Les leperos et les autres coquins qui composaient l'assistance, flattés d'être traités de caballeros, se rapprochèrent de don Toribio afin de mieux entendre ses instructions.
Celui-ci continua.
—Vingt hommes marchant en troupe dans les rues de la ville éveilleraient, sans aucun doute, la susceptibilité et les soupçons des agents de la police; nous avons besoin d'user de la plus grande prudence, et surtout du plus grand mystère, pour réussir dans l'expédition pour laquelle je vous ai convoqués; vous allez donc vous séparer et vous rendre chacun isolément sous les murs du couvent des Bernardines; arrivés là, vous vous dissimulerez le mieux qu'il vous sera possible et vous ne bougerez pas avant mon ordre. Surtout pas de rixe, pas de querelle; vous m'avez bien compris?

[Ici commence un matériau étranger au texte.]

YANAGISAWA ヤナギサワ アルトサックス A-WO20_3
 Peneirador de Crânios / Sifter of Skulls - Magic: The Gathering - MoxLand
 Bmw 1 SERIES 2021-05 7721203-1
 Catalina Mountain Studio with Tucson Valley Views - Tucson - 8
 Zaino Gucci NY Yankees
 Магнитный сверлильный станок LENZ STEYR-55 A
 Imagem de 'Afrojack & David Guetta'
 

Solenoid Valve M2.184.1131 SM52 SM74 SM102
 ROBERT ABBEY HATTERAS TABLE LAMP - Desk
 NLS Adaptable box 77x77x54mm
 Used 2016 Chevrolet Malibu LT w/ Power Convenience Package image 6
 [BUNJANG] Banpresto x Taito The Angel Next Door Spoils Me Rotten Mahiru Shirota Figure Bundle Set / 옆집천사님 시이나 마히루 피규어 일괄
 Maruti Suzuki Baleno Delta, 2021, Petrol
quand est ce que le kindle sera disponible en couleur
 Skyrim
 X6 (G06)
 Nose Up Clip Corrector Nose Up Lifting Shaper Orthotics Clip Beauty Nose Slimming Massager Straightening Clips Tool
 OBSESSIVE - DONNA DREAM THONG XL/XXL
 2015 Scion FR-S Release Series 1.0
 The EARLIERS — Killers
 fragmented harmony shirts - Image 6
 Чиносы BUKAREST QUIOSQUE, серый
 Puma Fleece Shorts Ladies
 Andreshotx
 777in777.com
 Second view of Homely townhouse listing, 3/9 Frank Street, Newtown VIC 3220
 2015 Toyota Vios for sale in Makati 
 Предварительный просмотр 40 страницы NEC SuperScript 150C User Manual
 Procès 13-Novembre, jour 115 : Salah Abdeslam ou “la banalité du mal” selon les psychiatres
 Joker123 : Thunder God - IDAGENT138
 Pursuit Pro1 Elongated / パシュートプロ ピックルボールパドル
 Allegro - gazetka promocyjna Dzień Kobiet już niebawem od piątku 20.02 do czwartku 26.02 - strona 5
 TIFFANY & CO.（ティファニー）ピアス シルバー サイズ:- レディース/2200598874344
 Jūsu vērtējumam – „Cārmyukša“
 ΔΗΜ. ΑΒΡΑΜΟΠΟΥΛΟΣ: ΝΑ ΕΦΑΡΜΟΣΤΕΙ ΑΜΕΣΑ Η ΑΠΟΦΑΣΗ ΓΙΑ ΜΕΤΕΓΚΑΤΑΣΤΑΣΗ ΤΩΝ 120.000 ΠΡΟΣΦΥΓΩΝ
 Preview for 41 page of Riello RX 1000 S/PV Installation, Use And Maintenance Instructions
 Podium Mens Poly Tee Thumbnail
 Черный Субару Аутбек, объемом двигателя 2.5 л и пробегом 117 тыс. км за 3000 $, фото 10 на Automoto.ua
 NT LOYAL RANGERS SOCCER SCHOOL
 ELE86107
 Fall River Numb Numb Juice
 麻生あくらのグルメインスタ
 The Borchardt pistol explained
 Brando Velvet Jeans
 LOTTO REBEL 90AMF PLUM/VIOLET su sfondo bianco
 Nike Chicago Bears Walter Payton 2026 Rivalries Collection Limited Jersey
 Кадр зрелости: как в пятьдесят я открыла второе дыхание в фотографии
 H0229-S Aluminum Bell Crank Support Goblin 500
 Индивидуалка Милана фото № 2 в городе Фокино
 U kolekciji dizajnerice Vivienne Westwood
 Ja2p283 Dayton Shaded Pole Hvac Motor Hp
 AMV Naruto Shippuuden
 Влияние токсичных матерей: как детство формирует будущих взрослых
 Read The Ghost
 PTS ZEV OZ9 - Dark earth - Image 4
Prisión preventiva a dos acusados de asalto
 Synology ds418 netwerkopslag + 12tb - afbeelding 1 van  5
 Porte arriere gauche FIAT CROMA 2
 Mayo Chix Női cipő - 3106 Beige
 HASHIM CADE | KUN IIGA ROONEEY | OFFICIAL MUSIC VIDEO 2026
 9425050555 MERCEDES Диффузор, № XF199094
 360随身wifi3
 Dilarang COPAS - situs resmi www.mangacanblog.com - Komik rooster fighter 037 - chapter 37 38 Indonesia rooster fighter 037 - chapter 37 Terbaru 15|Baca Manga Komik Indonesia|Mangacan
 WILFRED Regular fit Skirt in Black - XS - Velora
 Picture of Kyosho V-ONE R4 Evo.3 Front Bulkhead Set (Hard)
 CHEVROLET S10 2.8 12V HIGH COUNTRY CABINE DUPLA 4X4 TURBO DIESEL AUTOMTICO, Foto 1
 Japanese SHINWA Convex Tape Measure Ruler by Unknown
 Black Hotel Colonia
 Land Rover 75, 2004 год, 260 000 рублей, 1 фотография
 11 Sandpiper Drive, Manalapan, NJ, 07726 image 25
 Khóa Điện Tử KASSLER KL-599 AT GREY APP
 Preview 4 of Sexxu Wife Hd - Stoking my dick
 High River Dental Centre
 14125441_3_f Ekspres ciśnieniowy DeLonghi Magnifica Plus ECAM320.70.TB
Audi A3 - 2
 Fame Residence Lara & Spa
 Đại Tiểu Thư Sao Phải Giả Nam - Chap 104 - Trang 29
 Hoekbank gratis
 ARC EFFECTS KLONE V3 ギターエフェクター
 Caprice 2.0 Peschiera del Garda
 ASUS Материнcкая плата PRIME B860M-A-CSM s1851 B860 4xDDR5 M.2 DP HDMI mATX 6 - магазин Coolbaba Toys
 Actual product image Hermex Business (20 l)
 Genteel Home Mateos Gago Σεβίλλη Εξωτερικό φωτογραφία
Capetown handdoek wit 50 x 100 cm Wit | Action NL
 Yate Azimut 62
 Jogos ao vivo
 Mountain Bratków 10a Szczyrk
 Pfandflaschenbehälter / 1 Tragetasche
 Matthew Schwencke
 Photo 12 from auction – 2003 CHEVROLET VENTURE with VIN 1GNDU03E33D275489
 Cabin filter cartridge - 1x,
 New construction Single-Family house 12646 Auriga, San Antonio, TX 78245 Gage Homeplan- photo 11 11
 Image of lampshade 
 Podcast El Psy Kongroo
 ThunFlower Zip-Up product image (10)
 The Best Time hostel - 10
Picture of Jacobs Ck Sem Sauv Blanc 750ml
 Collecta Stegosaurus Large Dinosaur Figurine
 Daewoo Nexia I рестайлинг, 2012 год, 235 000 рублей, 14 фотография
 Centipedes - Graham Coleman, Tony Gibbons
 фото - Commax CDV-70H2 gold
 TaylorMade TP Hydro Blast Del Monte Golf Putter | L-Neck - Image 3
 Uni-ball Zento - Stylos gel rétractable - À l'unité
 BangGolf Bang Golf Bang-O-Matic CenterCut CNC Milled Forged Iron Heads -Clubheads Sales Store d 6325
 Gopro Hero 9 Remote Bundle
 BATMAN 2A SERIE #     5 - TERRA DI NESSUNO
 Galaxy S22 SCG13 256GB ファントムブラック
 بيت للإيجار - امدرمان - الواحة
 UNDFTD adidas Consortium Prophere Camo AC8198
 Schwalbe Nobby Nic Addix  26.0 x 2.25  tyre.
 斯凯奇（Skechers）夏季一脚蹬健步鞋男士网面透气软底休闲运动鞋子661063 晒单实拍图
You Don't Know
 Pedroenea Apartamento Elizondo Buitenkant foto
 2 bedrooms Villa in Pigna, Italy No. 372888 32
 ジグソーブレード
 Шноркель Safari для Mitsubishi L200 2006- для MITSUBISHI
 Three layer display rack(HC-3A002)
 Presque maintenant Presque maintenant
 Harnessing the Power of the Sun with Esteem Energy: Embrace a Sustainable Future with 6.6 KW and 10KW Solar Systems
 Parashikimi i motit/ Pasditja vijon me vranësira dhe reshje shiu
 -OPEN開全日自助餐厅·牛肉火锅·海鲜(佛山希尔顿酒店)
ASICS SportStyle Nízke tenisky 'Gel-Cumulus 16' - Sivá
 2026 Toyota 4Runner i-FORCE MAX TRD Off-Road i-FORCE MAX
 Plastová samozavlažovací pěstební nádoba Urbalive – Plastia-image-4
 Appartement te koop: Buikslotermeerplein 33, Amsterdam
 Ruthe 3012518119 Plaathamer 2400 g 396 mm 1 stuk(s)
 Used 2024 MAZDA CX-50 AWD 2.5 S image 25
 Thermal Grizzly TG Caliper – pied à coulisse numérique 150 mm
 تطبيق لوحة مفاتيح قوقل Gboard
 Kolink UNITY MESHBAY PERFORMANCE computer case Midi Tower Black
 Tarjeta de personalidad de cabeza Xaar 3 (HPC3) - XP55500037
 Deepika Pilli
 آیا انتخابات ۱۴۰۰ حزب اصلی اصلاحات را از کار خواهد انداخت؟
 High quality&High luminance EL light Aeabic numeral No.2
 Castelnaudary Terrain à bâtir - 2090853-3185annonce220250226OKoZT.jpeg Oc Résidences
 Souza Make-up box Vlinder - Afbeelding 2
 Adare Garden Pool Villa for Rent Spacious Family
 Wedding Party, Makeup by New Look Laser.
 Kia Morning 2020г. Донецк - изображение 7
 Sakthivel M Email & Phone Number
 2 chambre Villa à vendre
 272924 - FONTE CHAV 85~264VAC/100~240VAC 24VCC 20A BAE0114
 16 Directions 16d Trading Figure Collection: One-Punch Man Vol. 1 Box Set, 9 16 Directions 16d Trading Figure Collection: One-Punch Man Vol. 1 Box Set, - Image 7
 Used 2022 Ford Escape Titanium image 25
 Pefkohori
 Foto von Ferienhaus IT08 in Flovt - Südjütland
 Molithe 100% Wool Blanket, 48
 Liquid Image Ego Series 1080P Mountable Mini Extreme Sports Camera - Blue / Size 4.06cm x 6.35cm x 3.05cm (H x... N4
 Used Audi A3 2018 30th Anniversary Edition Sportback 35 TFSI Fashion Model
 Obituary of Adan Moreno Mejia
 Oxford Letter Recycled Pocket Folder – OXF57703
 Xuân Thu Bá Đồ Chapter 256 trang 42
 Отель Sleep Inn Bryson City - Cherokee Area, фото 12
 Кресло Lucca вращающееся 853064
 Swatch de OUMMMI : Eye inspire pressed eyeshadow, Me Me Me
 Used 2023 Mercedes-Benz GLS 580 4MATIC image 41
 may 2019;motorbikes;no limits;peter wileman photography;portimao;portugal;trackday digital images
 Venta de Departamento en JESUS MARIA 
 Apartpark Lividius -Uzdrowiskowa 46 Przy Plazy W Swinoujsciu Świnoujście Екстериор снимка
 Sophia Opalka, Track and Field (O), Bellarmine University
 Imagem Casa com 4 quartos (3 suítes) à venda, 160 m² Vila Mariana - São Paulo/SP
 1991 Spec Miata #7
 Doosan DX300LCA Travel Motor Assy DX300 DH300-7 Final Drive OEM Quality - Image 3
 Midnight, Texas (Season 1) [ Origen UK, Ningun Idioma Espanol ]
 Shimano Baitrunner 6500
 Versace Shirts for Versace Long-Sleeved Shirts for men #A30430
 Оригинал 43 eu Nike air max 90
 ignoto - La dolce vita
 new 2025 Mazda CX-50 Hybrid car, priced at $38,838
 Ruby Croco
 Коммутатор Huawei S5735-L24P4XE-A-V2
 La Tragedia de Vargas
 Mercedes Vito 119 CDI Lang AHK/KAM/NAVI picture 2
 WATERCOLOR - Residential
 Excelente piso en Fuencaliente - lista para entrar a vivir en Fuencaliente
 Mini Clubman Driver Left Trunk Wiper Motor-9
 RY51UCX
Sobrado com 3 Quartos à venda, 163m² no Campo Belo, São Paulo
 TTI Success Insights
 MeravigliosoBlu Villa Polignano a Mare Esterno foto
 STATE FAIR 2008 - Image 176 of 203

—Oui, seigneurie, répondirent les bandits tous d'une voix.
—Très bien; partez alors, il faut que vous soyez au couvent dans un quart d'heure.
Les bandits se dispersèrent dans toutes les directions avec la rapidité d'une volée d'oiseaux de proie; deux minutes plus tard ils avaient disparu aux angles des rues les plus rapprochées.
Pepito seul était resté.
—Et moi, demanda-t-il respectueusement à don Toribio, ne voulez-vous pas, Seigneurie, que je vous accompagne? Je m'ennuierai bien si je restais seul ici.
—Je ne demanderais pas mieux que de t'emmener, mais qui nous préparera les chevaux si tu m'accompagnes?